Let’s say I work all day on a blog post. The next day I publish it and no one reads it. Was the article bad? Maybe. What if a major news outlet links to it and hundreds of thousands visit? Was the article good? Maybe. Would either result change the value of my life? No, not at all. It might change how other people value me or how I value my life, but it wouldn’t change the actual value of my life. For who decides the measure of our lives but God?
If God is the one who decides, then the immediate question is: how can we gain God’s approval? There are two answers in the Bible.
First, we can only please God by placing our faith in Christ for salvation. As Hebrews 11:6 says, “And without faith it is impossible to please him, for whoever would draw near to God must believe that he exists and that he rewards those who seek him.” Perhaps my favorite elaboration of this idea is in Ephesians 2, verses 8-10:
For by grace you have been saved through faith. And this is not your own doing; it is the gift of God, not a result of works, so that no one may boast. For we are his workmanship, created in Christ Jesus for good works, which God prepared beforehand, that we should walk in them.
So what is the value of your life? The omniscient God knows that your salvation was worth the death of Jesus on the cross.
That doesn’t make sense to me. I struggle to believe that my life is so valuable that God himself should sacrifice His life to save my life. But it did make sense to God. Since God knows everything, and I don’t, whose opinion should I trust on the matter?
In light of the cross and the resurrection, do you see how silly it is to compare your life to others? God has quite clearly stated, in word and in deed, that you are infinitely valuable.
Second, as people who are forgiven of our sin, cleansed of all unrighteousness, adopted into God’s household, filled with the Holy Spirit, guaranteed eternal life, and all the other wonderful benefits of Christ’s work in our place, we are called to please God by living holy lives. As it says in the Ephesians passage, “we are his workmanship, created in Christ Jesus for good works.” God saves us and makes us new creations in Christ Jesus that we might live new lives. Or as Paul says in 1 Thessalonians,
Finally, then, brothers, we ask and urge you in the Lord Jesus, that as you received from us how you ought to walk and to please God, just as you are doing, that you do so more and more. For you know what instructions we gave you through the Lord Jesus. For this is the will of God, your sanctification…For God has not called us for impurity, but in holiness. Therefore whoever disregards this, disregards not man but God, who gives his Holy Spirit to you (1 Thessalonians 4:1-3, 7-8).

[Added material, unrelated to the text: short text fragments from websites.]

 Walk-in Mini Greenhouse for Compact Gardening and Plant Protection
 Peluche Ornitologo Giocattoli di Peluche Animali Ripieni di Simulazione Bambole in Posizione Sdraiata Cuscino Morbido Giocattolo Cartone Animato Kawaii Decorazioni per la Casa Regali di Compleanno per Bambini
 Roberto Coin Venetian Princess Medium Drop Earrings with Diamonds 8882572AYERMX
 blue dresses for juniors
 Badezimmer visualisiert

As God’s beloved sons and daughters, we are called to a life of holiness. That fundamental commitment will send us in very different directions than if we try to find our self-worth by scanning the tabloids, checking Facebook, or reading the news.
I’ve gone far afield from the start of this article. That’s the point. In the weeks and months to come, as people subtly or overtly evaluate Rick Warren’s life, his ability as a parent, the quality of his ministry, the truth of his beliefs, I want to encourage you: don’t get distracted. Yes, there’s a time and a place to critically (but graciously) evaluate Rick Warren’s ministry (hint: this week isn’t that time).

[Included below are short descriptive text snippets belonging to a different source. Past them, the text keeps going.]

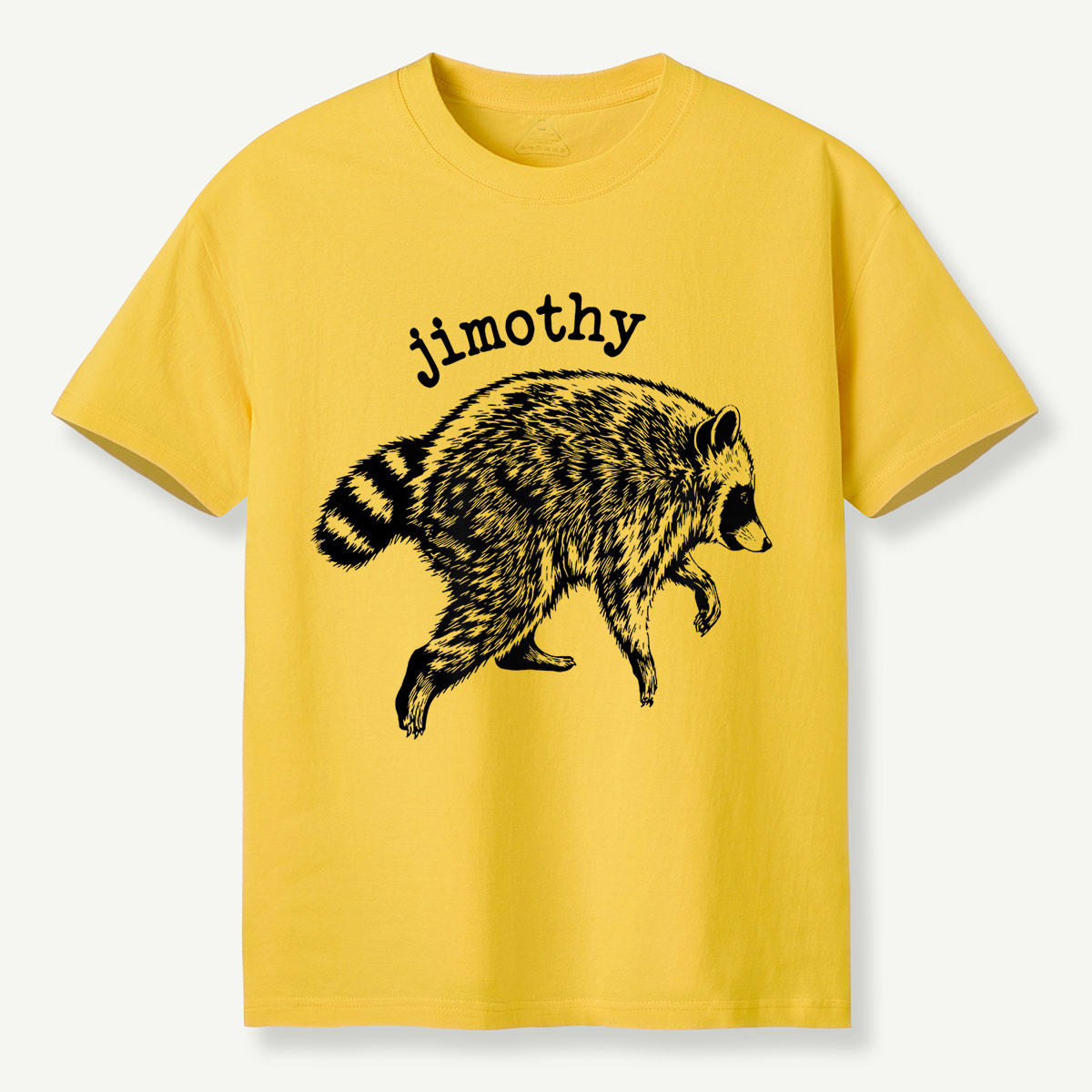 Jimothy Classic Black Line Raccoon T-Shirt
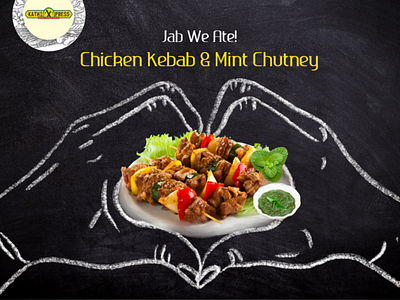 Chicken kebab & Mint Chutney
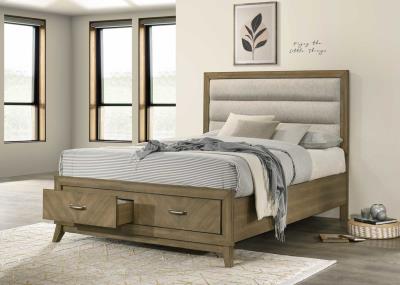 ANTIQUE GRAY QUEEN BED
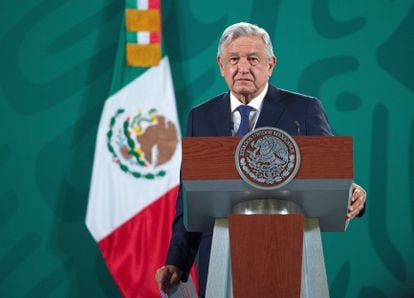 Andrés Manuel López Obrador, durante una rueda de prensa.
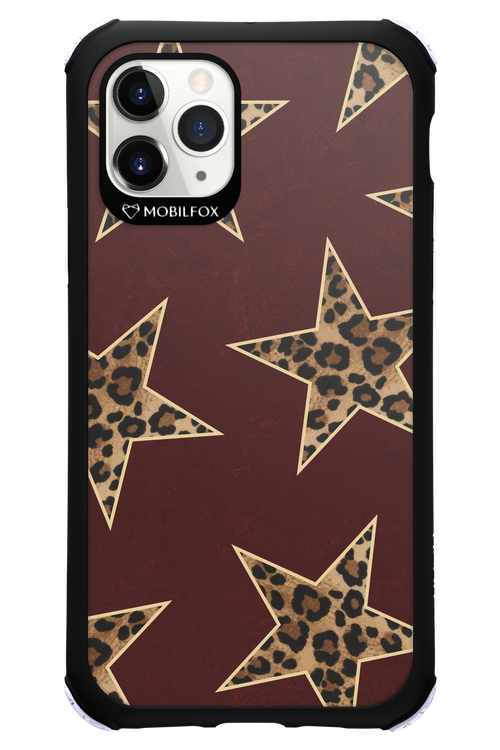 Wild Stars Burgundy - Apple iPhone 11 Pro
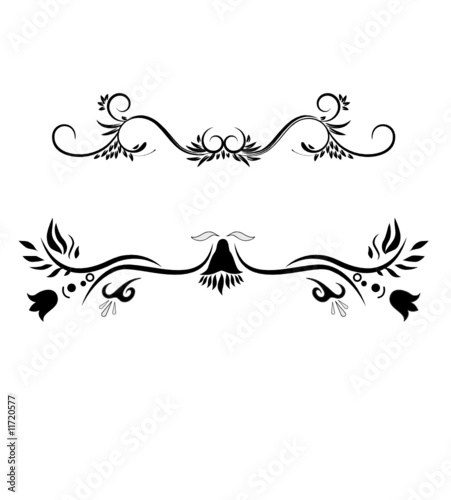 floral element -  vector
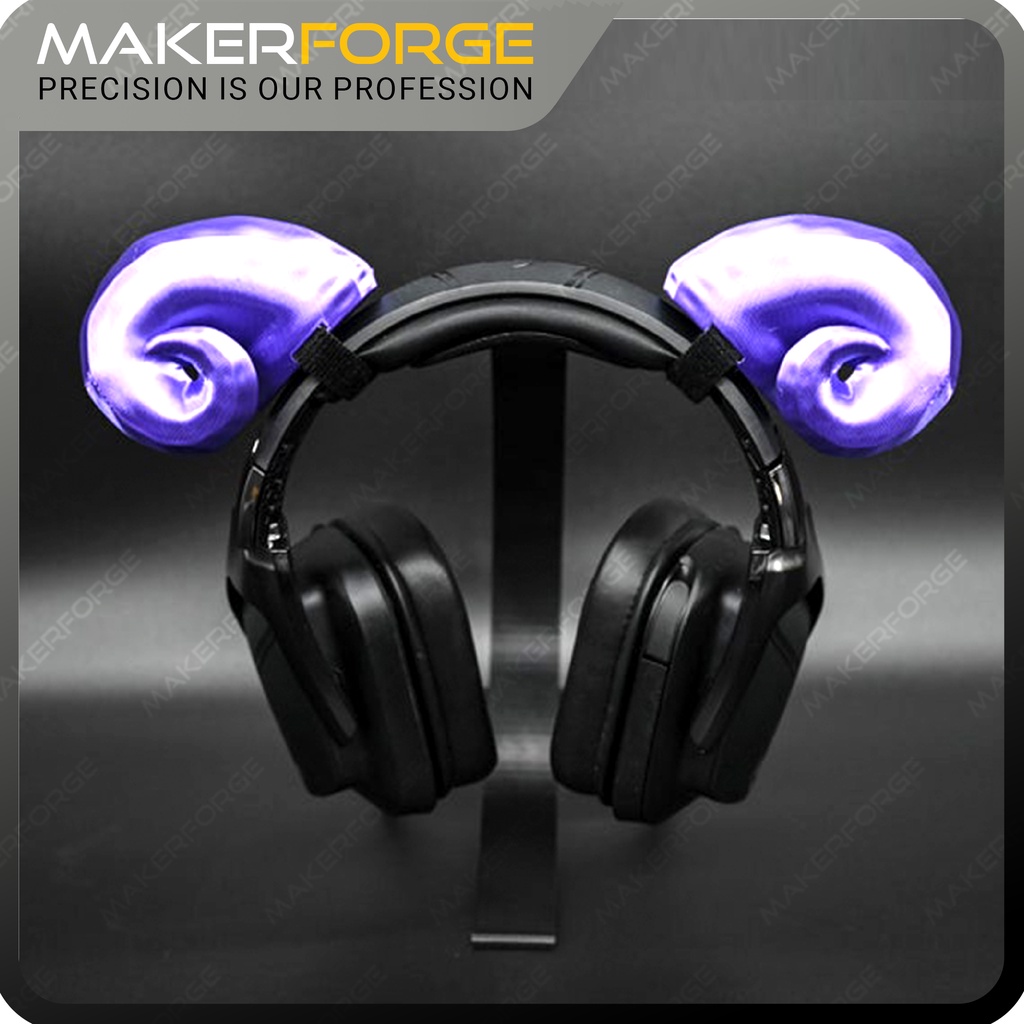 Devil Horns 3 for Headphones, Headset & Cosplay Props, Headphone Ear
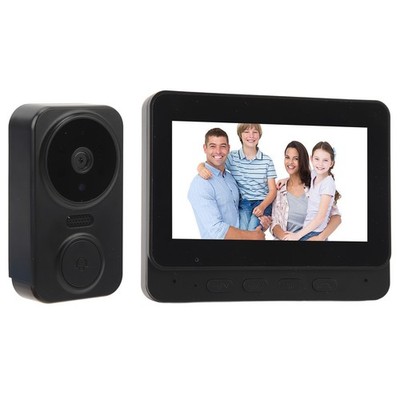 Visual Intercom Doorbell Infrared Night Vis-ion Type C 2.4GHz WiFi 2 Way Voice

And yes, this is a good time for evangelical churches to reconsider their approach to suicide and mental health, and to mature in their ability to discuss these sensitive topics. I’m sure there are other important lessons to be learned. And yes, this tragedy is not primarily a teaching moment, but a tragedy, and so we should sincerely pray for those most affected.

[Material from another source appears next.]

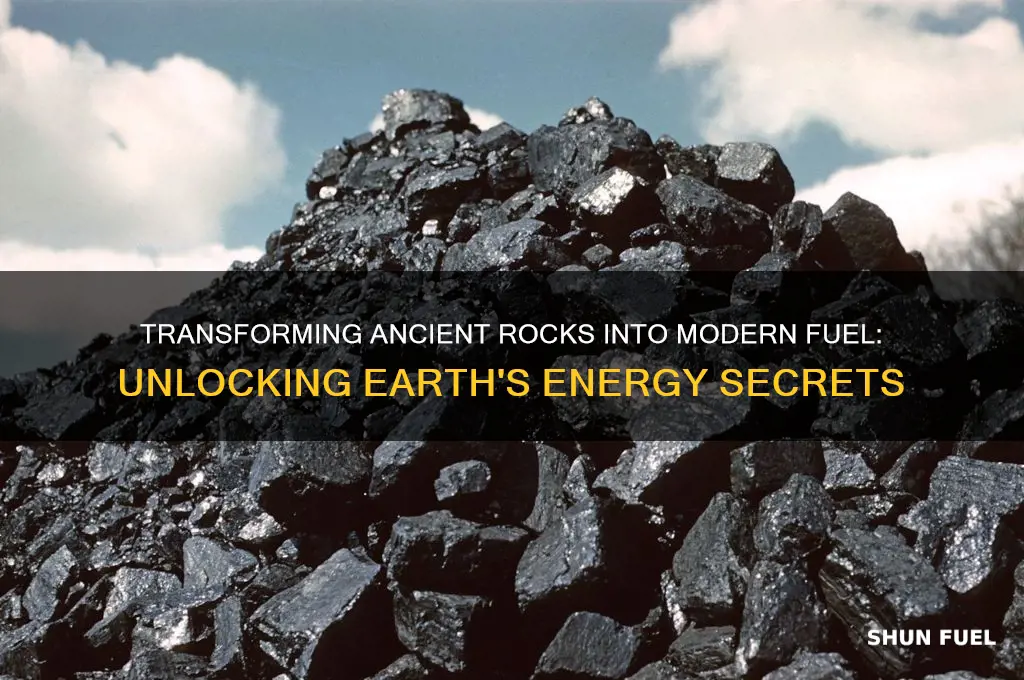 what rock can be transformed to fuel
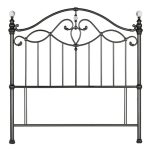 Catalina Shiny Black Headboard Black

But after saying your prayers for them each night, I also invite you to take your gaze away from the Warren family and Saddleback Church. They need and deserve privacy and space to sort out everything that has just happened. So now is a great time to refocus your attention on the gospel and the pursuit of holiness. May God greatly encourage you with His love and lead you to grow in love for God and your neighbor. Your identity has been established, forever, by the cross of Jesus Christ. Press onward to live gladly for God.